Aは自己所有の甲機械(以下「甲」という。)をBに賃貸し(以下、これを「本件賃貸借契約」という。)、その後、本件賃貸借契約の期間中にCがBから甲の修理を請け負い、Cによる修理が終了した。この事実を前提とする次の記述のうち、民法の規定および判例に照らし、妥当なものはどれか。

    1. Bは、本件賃貸借契約において、Aの負担に属するとされる甲の修理費用について直ちに償還請求することができる旨の特約がない限り、契約終了時でなければ、Aに対して償還を求めることはできない。
    2. CがBに対して甲を返還しようとしたところ、Bから修理代金の提供がなかったため、Cは甲を保管することとした。Cが甲を留置している間は留置権の行使が認められるため、修理代金債権に関する消滅時効は進行しない。
    3. CはBに対して甲を返還したが、Bが修理代金を支払わない場合、Cは、Bが占有する甲につき、動産保存の先取特権を行使することができる。
    4. CはBに対して甲を返還したが、Bは修理代金を支払わないまま無資力となり、本件賃貸借契約が解除されたことにより甲はAに返還された。本件賃貸借契約において、甲の修理費用をBの負担とする旨の特約が存するとともに、これに相応して賃料が減額されていた場合、CはAに対して、事務管理に基づいて修理費用相当額の支払を求めることができる。
    5. CはBに対して甲を返還したが、Bは修理代金を支払わないまま無資力となり、本件賃貸借契約が解除されたことにより甲はAに返還された。本件賃貸借契約において、甲の修理費用をBの負担とする旨の特約が存するとともに、これに相応して賃料が減額されていた場合、CはAに対して、不当利得に基づいて修理費用相当額の支払を求めることはできない。

解説

 

    1. 誤り 民法608条1項に規定されている通り、賃借人は賃貸人の負担に属する必要費を支出したときは、賃貸人して直ちにその償還を請求することができる。

      民法608条

      1項 賃借人は、賃借物について賃貸人の負担に属する必要費を支出したときは、賃貸人に対し、直ちにその償還を請求することができる。
      2項 賃借人が賃借物について有益費を支出したときは、賃貸人は、賃貸借の終了の時に、第196条第2項(占有者による費用の償還請求)の規定に従い、その償還をしなければならない。ただし、裁判所は、賃貸人の請求により、その償還について相当の期限を許与することができる。

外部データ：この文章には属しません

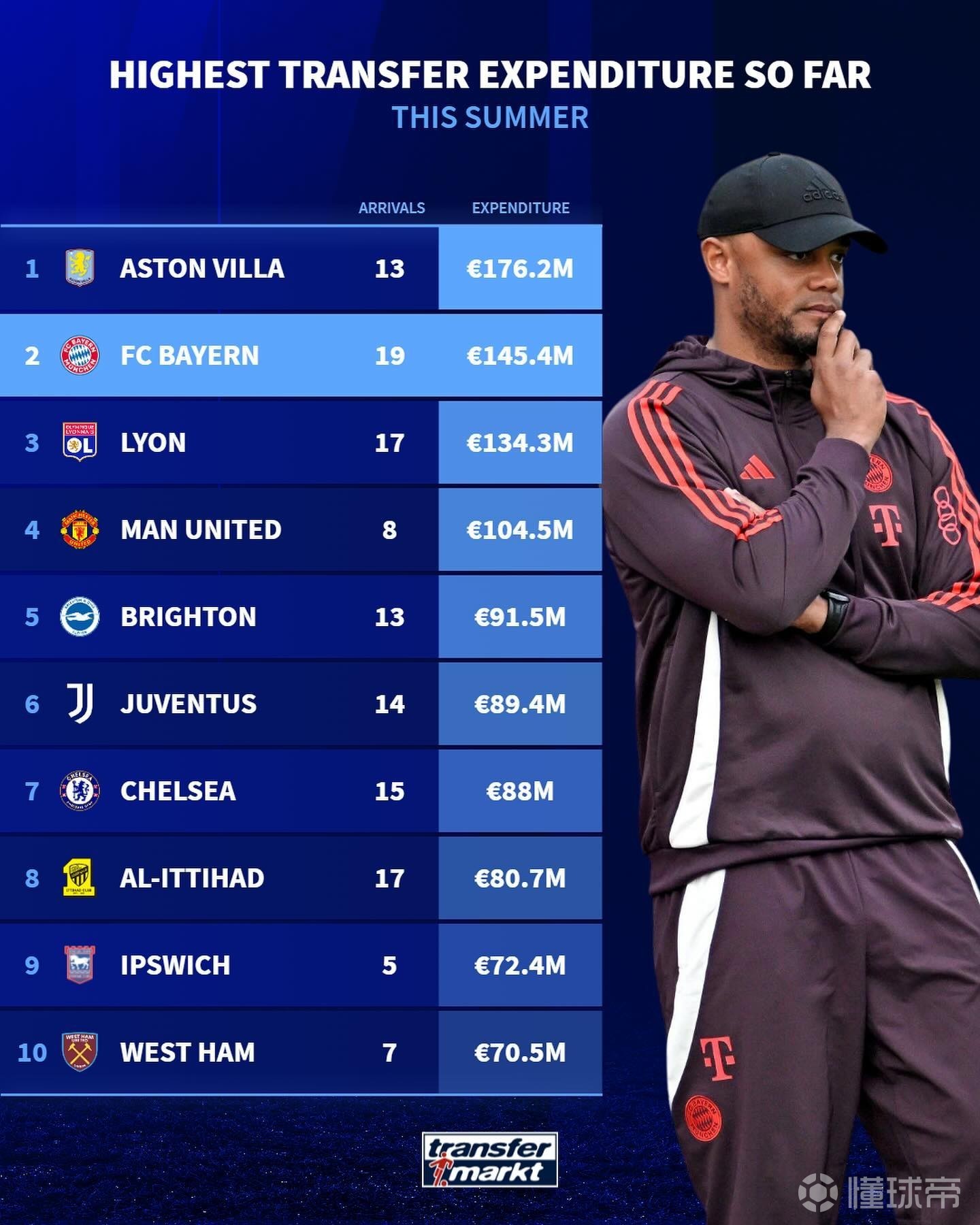 拜仁慕尼黑客场大胜里昂稳居榜首的简单介绍 拜仁慕尼黑客场大胜里昂稳居榜首的简单介绍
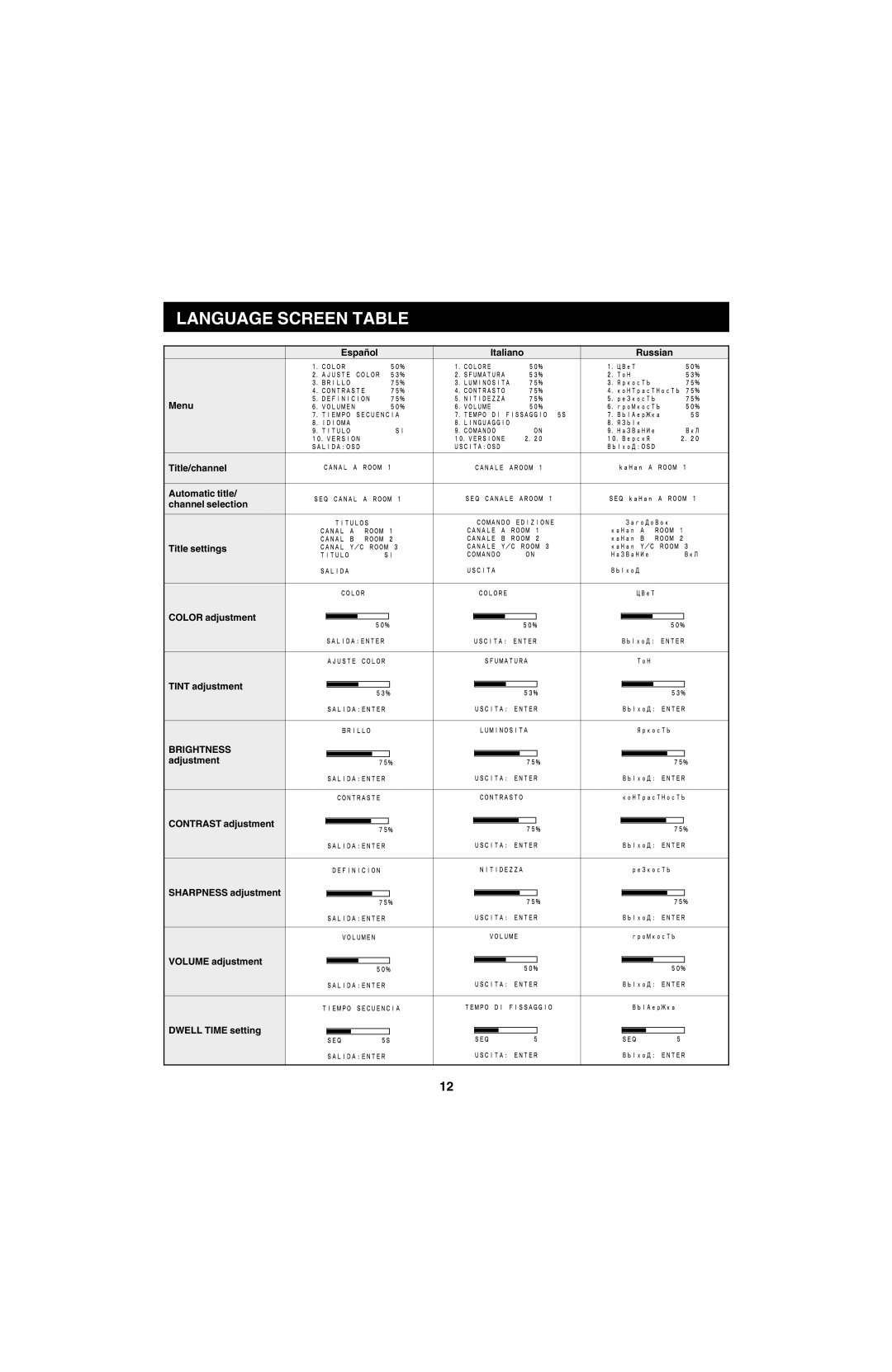 Sanyo VMC-8618, VMC-8613 instruction manual Language Screen Table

    2. 誤り 民法300条に規定されているとおり、留置権の行使によって債権の消滅時効の進行は止まらない。

      民法300条

      留置権の行使は、債権の消滅時効の進行を妨げない。


    3. 誤り 民法303条の通り、A所有の甲動産に対してCは先取特権を行使することはできない。

      民法303条

      先取特権者は、この法律その他の法律の規定に従い、その債務者の財産について、他の債権者に先立って自己の債権の弁済を受ける権利を有する。

      民法320条

      動産の保存の先取特権は、動産の保存のために要した費用又は動産に関する権利の保存、承認若しくは実行のために要した費用に関し、その動産について存在する。


    4. 誤り 本問は事務管理のケースではないため、事務管理に基づく修理費用相当額の支払を求めることは出来ない。

      民法697条

      1項 義務なく他人のために事務の管理を始めた者(以下この章において「管理者」という。)は、その事務の性質に従い、最も本人の利益に適合する方法によって、その事務の管理(以下「事務管理」という。)をしなければならない。
      2項 管理者は、本人の意思を知っているとき、又はこれを推知することができるときは、その意思に従って事務管理をしなければならない。


    5. 正しい 甲の修理費用をBの負担とする旨の特約が存するとともに、これに相応して賃料が減額されていた場合なので、本件修理を受けることは対価なしで受けているとは言えない。そのためCはAに対して、不当利得に基づいて修理費用相当額の支払を求めることはできない。

      ブルトーザー事件 最判平成7年9月19日

      甲が建物賃借人乙との間の請負契約に基づき右建物の修繕工事をしたところ、その後乙が無資力になったため、甲の乙に対する請負代金債権の全部又は一部が無価値である場合において、右建物の所有者丙が法律上の原因なくして右修繕工事に要した財産及び労務の提供に相当する利益を受けたということができるのは、丙と乙との間の賃貸借契約を全体としてみて、丙が対価関係なしに右利益を受けたときに限られるものと解するのが相当である。